The Generals and Admirals: Lorenzo Thomas (1804 - 1879)
Adjutant-General of the Army who was assigned a major role in the recruitment of black soldiers for the Union Army in March 1863. He had previously served as chief of staff to General Winfield Scott.
One reason that Thomas was selected to lead black recruitment was that Secretary of War Edwin M. Stanton had little use for him. "Certainly Lorenzo Thomas and Edwin Stanton were extremely unlike in habit, temperament, and training. Thomas seems to have been infatuated with paper work and regulations," wrote historian Dudley Taylor Cornish.1 Shortly after he took over at the War Department, Stanton proposed that Thomas act as an aide and bodyguard for the Commander-in-Chief. President Lincoln responded: "On reflection I think it will not do as a rule for the Adjutant General to attend me wherever I go; not that I have any objection to his presence, but that it would be an uncompensating encumbrance both to him and me. When it shall occur to me to go anywhere, I wish to be free to go at once, and not to have to notify the Adjutant General, and wait till he can get ready. It is better too, for the public service, that he shall give his time to the business of his office, and not to personal attendance on me. While I thank you for the kindness of the suggestion, my view of the matter is as I have stated."2
Sending Thomas to the Mississippi River Valley seemed a convenient way to get rid of him. Cornish wrote: "With only twenty-four hours' warning, Thomas was dispatched to the Mississippi with sweeping authority and huge responsibilities. Stanton probably found in the policy problem presented by the Negro soldier a solution to his personal problem. With the one stone of his orders of March 25 he killed the two birds: the organization of Negro troops was initiated by a high officer of the War Department and the secretary of war was freed of the presence of that officer in Washington."3
John Hay recalled an interchange between President Lincoln and General Thomas on August 1, 1863, as Thomas was preparing to leave for the Mississippi River valley to begin his work. "General! You are going about a most important work. There is a draft down there which can be enforced." Thomas replied: "I will enforce it." Thomas later repeated the President's remark at lunch, leading Hay to observe: "I regard his attitude as most significant. He is a man accustomed through a long lifetime to watch with eager interest the intentions of power and the course of events; till he has acquired an instinct of expediency which answers to him the place of sagacity & principle. He is a straw which shows whither the wind is blowing. The tendency of the country is to universal freedom, when men like Thomas make abolition speeches at public dinners."4
A few days later, President Lincoln wrote General Ulysses S. Grant: "Gen. Thomas has gone again to the Mississippi Valley, with the view of raising colored troops. I have no reason to doubt that you are doing what you reasonably can upon the same subject. I believe it is a resource which if vigourously applied now, will soon close the contest-- It works doubly, weakening the enemy & strengthening us, We were not fully ripe for it, until the river was opened. Now, I think at least a hundred thousand can, and ought to be rapidly organized along it's shores, relieving all white troops to serve elsewhere."5
Later in the month, Grant replied: "There has been great difficulty in getting able bodied negroes to fill up the colored regiments in consequence of the rebel cavalry run[n]ing off all that class to Georgia and Texas. This is especially the case for a distance of fifteen or twenty miles on each side of the river. I am now however sending two expeditions into Louisiana, one from Natchez to Harrisonburg and one from Goodrich's Landing to Monroe, that I expect will bring back a large number. I have ordered recruiting officers to accompany these expeditions. I am also moving a Brigade of Cavalry from Tennessee to Vicksburg which will enable me to move troops to a greater distance into the interior and will facilitate materially the recruiting service."
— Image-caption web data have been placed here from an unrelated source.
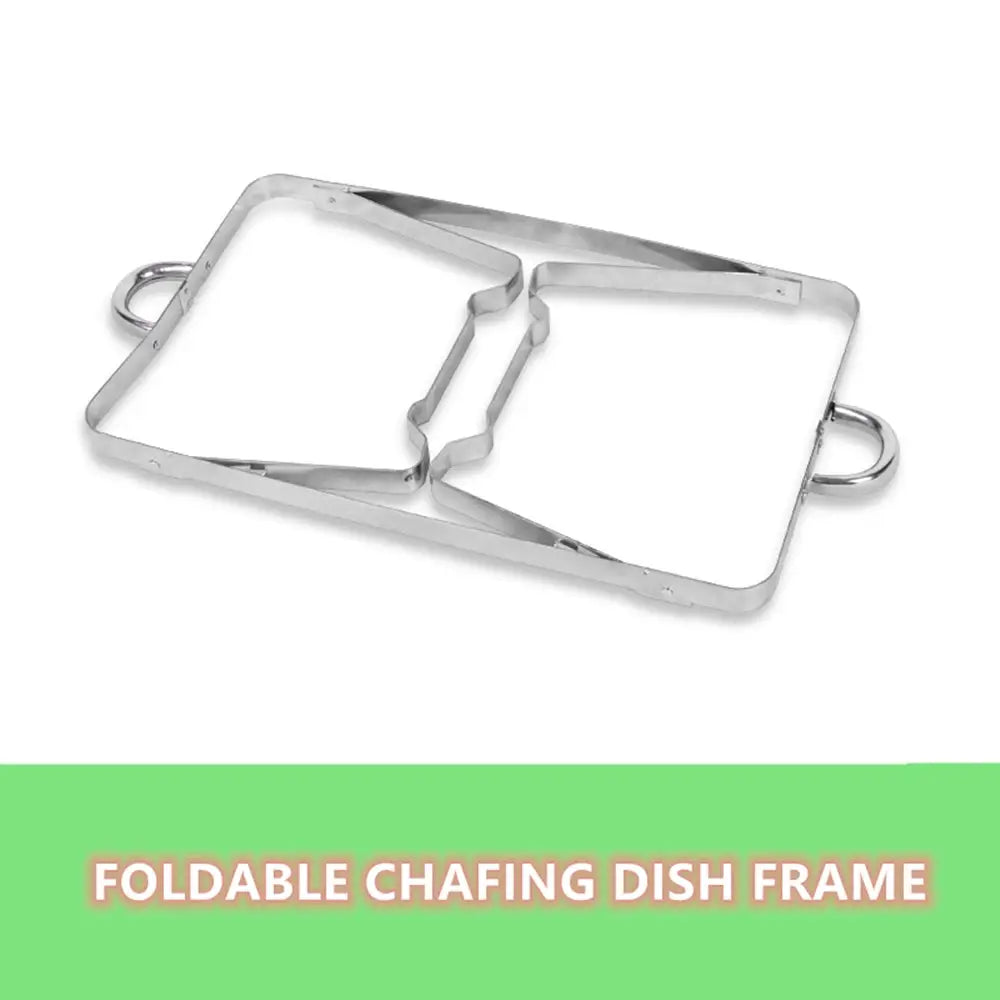 9L Chafing Dish Set Buffet Pan Bain Marie Bow Stainless Steel Food Warmer(3*3L) - Home & Garden > Kitchenware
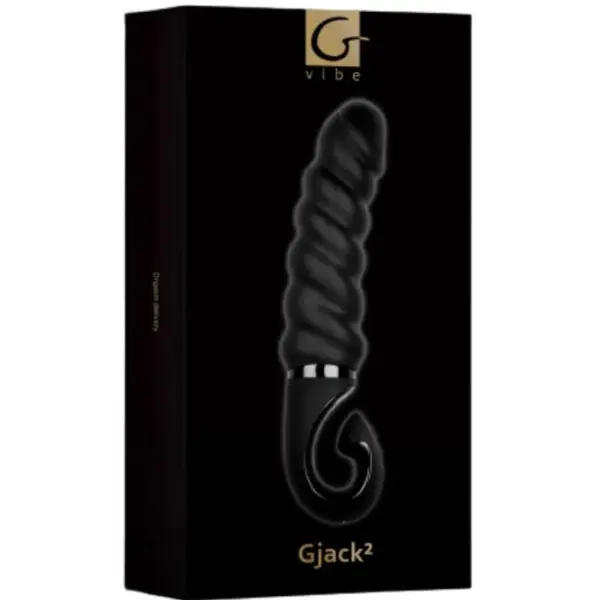 G-VIBE - G-JACK 2 - Dildo Vibrador Negro de Bioskin - Imagen 5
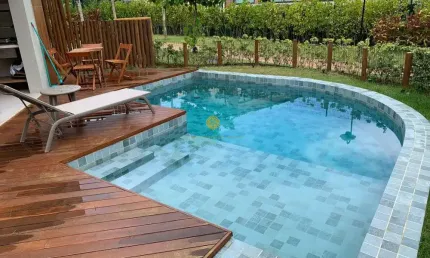 Casa de Luxo no Marluá Itacimirim-Ba  Pé na Areia, 4 Suítes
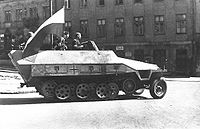 1944年華沙起義中，被波蘭軍擄獲的SdKfz 251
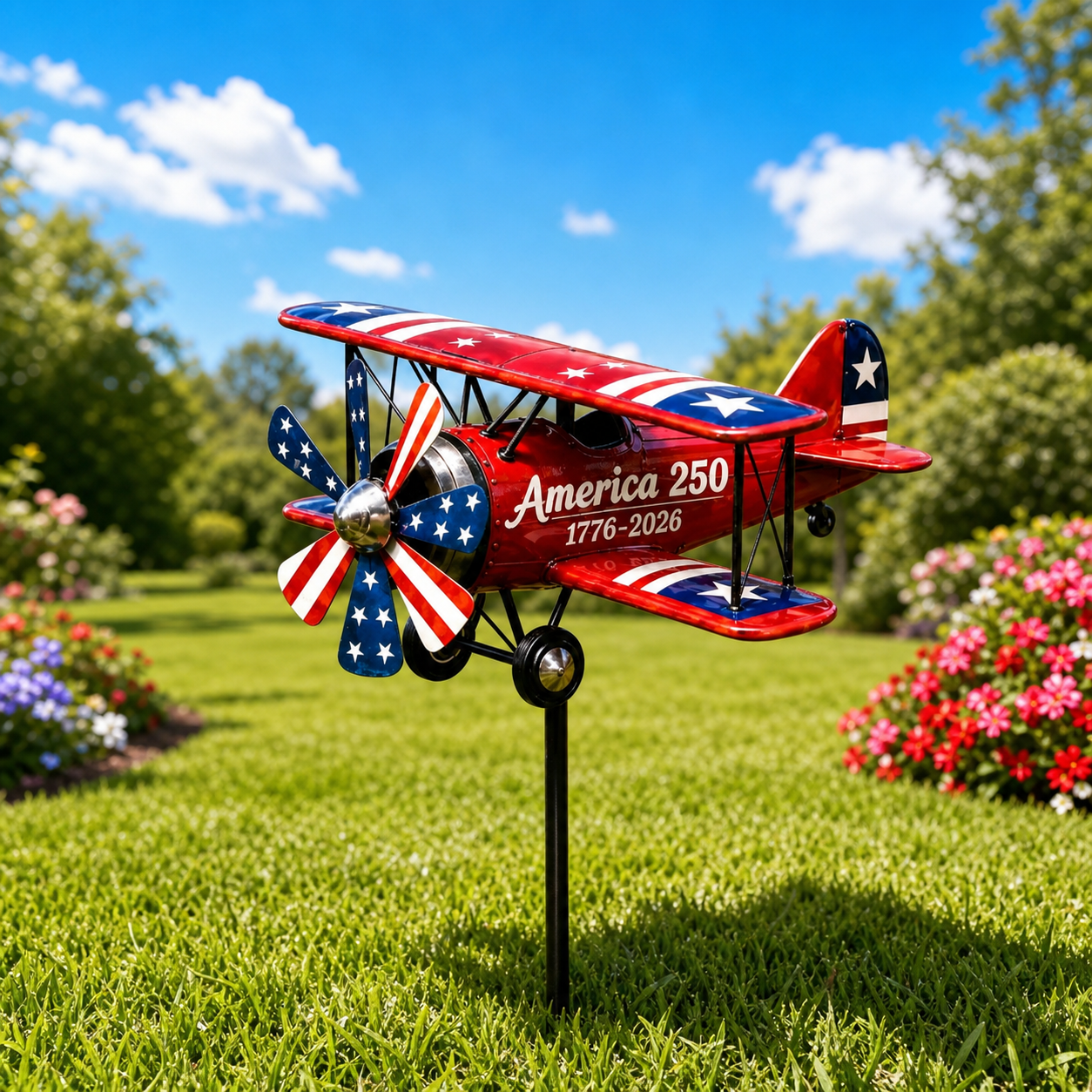 🔥Limited time 55% OFF🔥🇺🇸USA 250 “Liberty Windmill” Patriotic Garden Wind Spinner -✈️ (Free Delivery Fee)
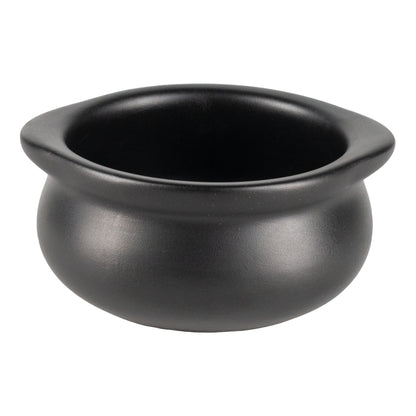 Tuxton | Mijoteuse à l’oignon, 12 oz, noir (paquet de 12)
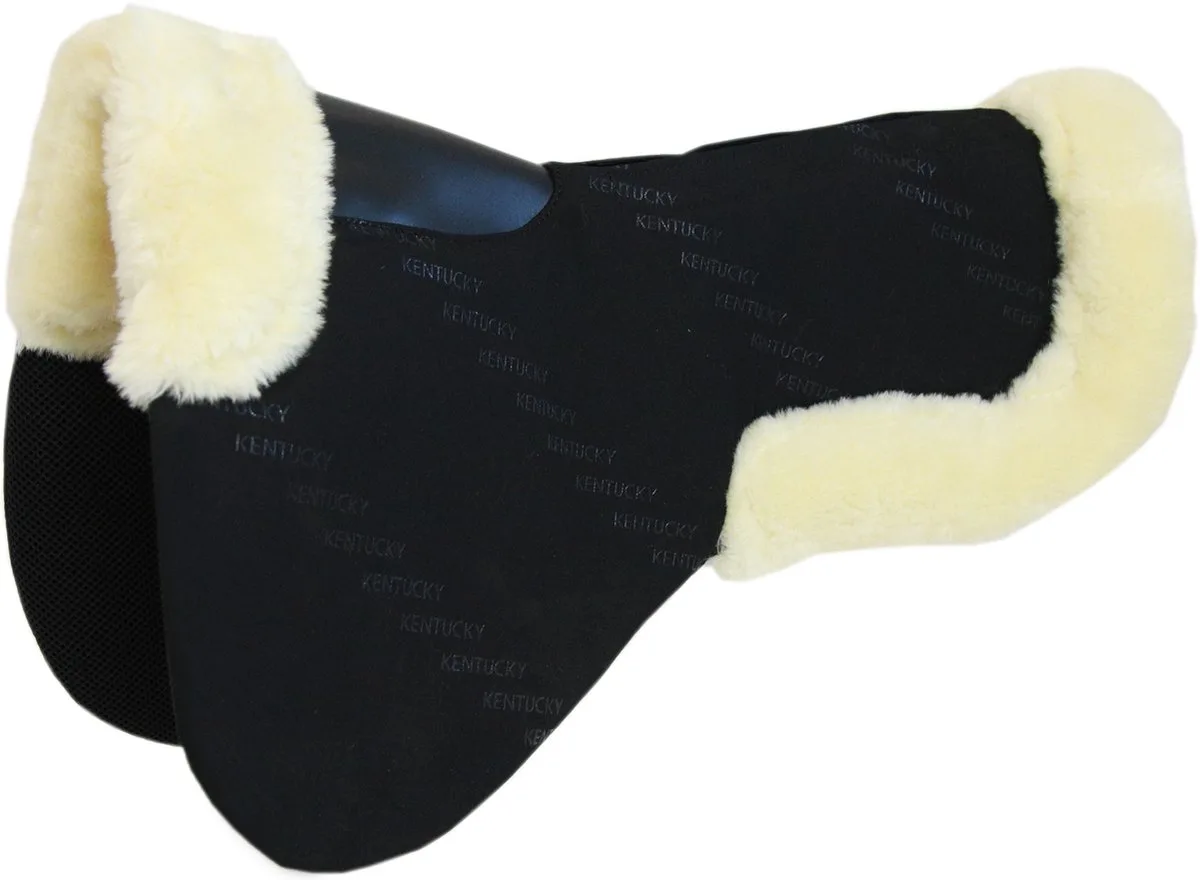 Zadelonderlegger - zwart/Bont - Halfdpad Impact Equalizer - 10mm by Kentucky Horsewear in Black – product photo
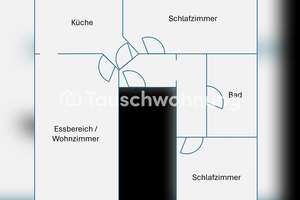 Tauschwohnung: 3-Zimmer-Flat in Bielefeld Mitte zum Tausch
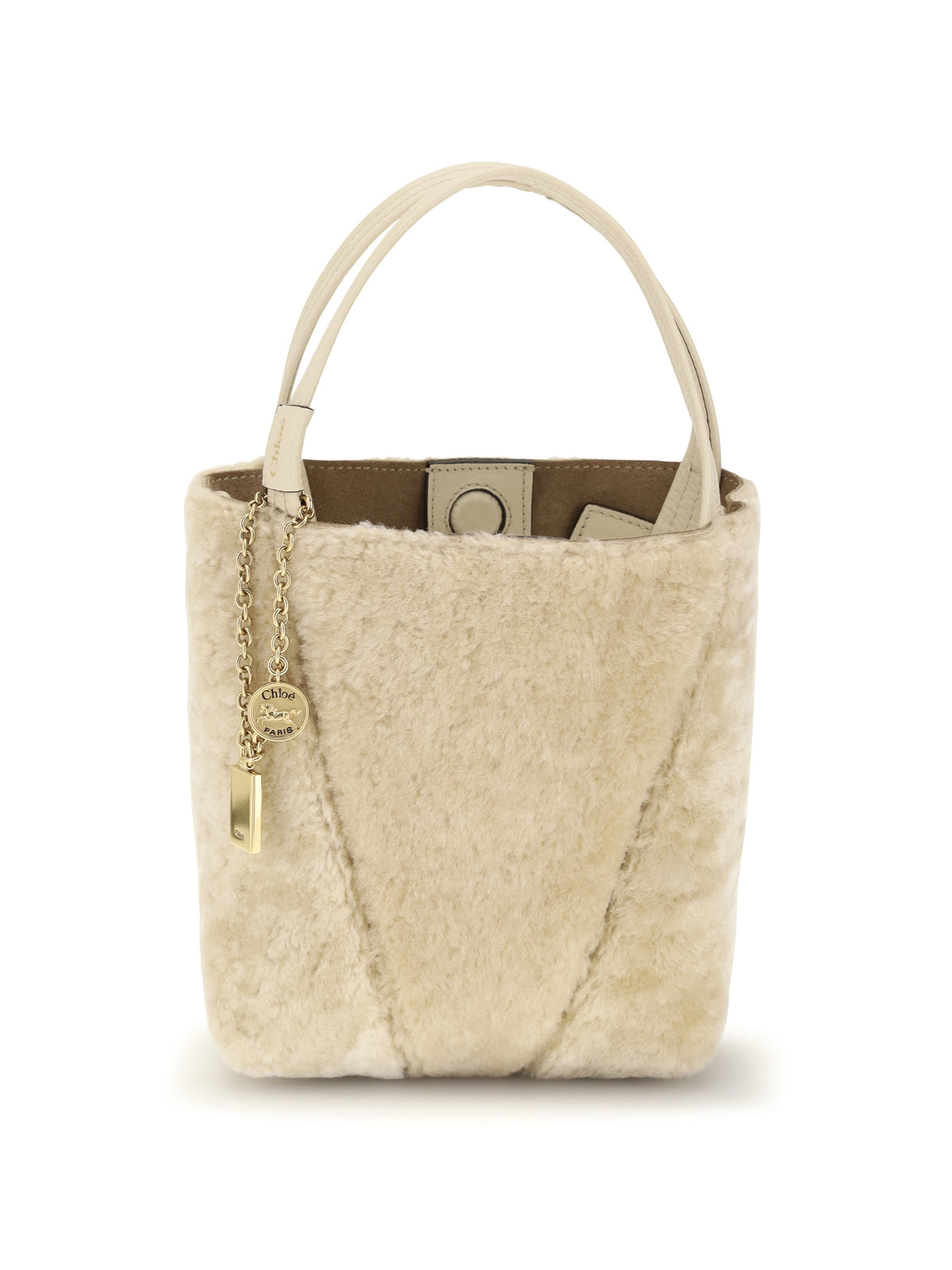 Chloé Spin bouclé Bucket Bag - Sweet Beige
Grant added: "Gen. Thomas is now with me and you may rely on it I will give him all the aid in my power. I would do this whether the arming the negro seemed to me a wise policy or not, because it is an order that I am bound to obey and do not feel that in my position I have a right to question any policy of the Government. In this particular instance there is no objection however to my expressing an honest conviction. That is, by arming the negro we have added a powerful ally. They will make good soldiers and taking them from the enemy weaken him in the same proportion they strengthen us. I am therefore most decidedly in favor of pushing this policy to the enlistment of a force sufficient to hold all the South falling into our hands and to aid in capturing more."6
General Thomas and the President corresponded frequently on military and civil affairs while Thomas was in the field. On June 13, 1864, for example, Mr. Lincoln asked Thomas to investigate allegations that military recruiters in Kentucky were illegally recruiting slaves into the Army.
Thomas faced one more battle with the Secretary of War, however. In 1868 President Andrew Johnson ordered Thomas to replace Stanton in the Cabinet - after Ulysses S. Grant turned down the post. Stanton refused to let Thomas into his office, but the resulting controversy contributed to Johnson's impeachment.